Home > Divrei Torah > Parashat Korach

Parashat Korach

June 23, 2011

By Rabbi Jo David

Korah Wasn’t Wrong?

For the last six months I’ve been teaching a comparative religion course – “The Religious Experience” – at Berkeley College in Manhattan. The student body at Berkeley is predominantly black, Hispanic, and Christian, with a large number of foreign students, many from Africa. There are very few Jews on staff. Few students have ever met a Jewish person, not to mention a rabbi or a female rabbi! This is my ideal rabbinate – putting myself in settings where “no Jew has gone before” and introducing Judaism to people for whom Judaism is an unknown quantity.

This is challenging territory. Inevitably there are a few religious Christians in my class who are eager to show off their knowledge of Judaism and to bond with me over our “shared” faith. It’s a tricky business to explain without disenchanting those who “love” Judaism that while Judaism is the “mother” religion to both Christianity and Islam, one who is a Christian, is not also a Jew. In each of my classes there was at least one student who didn’t buy my explanation that one can’t be both Jewish and Christian. Thinking about this fluid idea of “who is a Jew,” and who has the authority to decide who is a Jew led me to reflect on the story of Korah, Dathan and Abiram, an extremely problematic section of the Torah, which we read this week.

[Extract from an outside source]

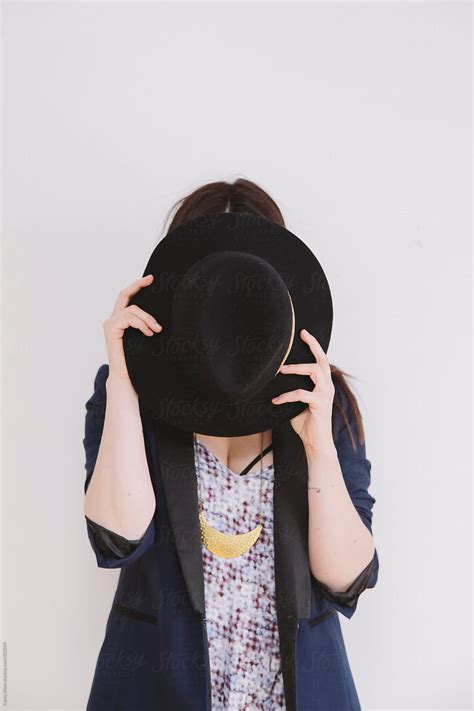 Stylish Woman Holding Hat By Stocksy Contributor Carey Shaw Stocksy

This story has always bothered me.  Korah, Dathan, and Abiram are not really wrong when they state, “…all the community are holy, all of them” (Numbers 16:3).  After all, in Exodus 19:6, God says to Moses, “…you shall be to Me a kingdom of priests and a holy nation.”  If we believe what God says, then all Israelites, not just the Levites and the tribe of Aaron, are priests. Therefore, Korah’s statement is correct. God seems to be suggesting in Exodus that priestly power should be shared within the Israelite community.

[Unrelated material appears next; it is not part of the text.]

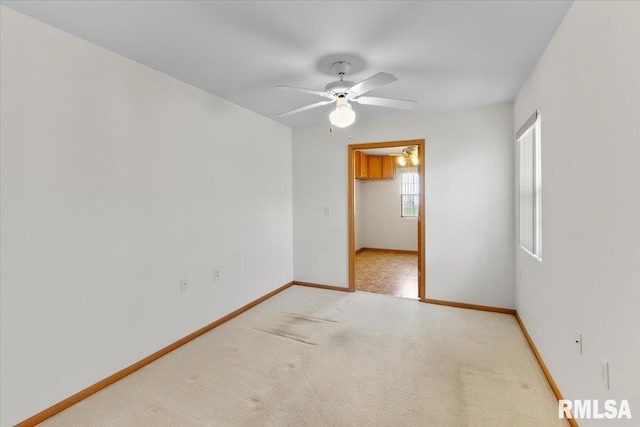 1504 Apache Dr, Marion, IL 62959 - empty room with ceiling fan and light colored carpet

This is a problem, of course, because the biblical narrative must support Moses’ stature as God’s intimate and non-ritual leader of the Israelites. Aaron’s position as ritual “rav” and leader of the priestly class must be preserved. After all, the “winners” get to write history.

I’ve always thought that the narrative that follows Korah’s challenge for shared power is over the top. Did the wives and children, as well as the men in Dathan and Abiram’s tribes really have to die in such a dramatic way, swallowed up by the earth? And was a subsequent plague truly necessary?

The plague killed an additional 14,700 people who believed that Korah, Dathan, and Abiram were right (Numbers 17:14).  Such a large number should catch our attention. It tells us that Korah was not a nobody. There were many people who believed that his challenge of Moses and Aaron was just. Did his followers deserve to die for their belief in their leader?

Thus we have the story of Korah, Dathan and Abiram in which what is perceived as necessary to stabilize the Israelite community – the creation of very clear boundaries about leadership and community – trumps what might be actually right and just. We are living in a time when questions about the stability and continuity of the Jewish People are very alive in Israel and in the Jewish Diaspora. Some voices say that we must “circle the wagons” to protect Jewish identity and the Jewish State. On the other end of the spectrum are those who believe that anyone who wants to be Jewish should be accepted as Jewish without any sort of ritual admission to the community. What is right? What is just? What is necessary for our preservation and stability?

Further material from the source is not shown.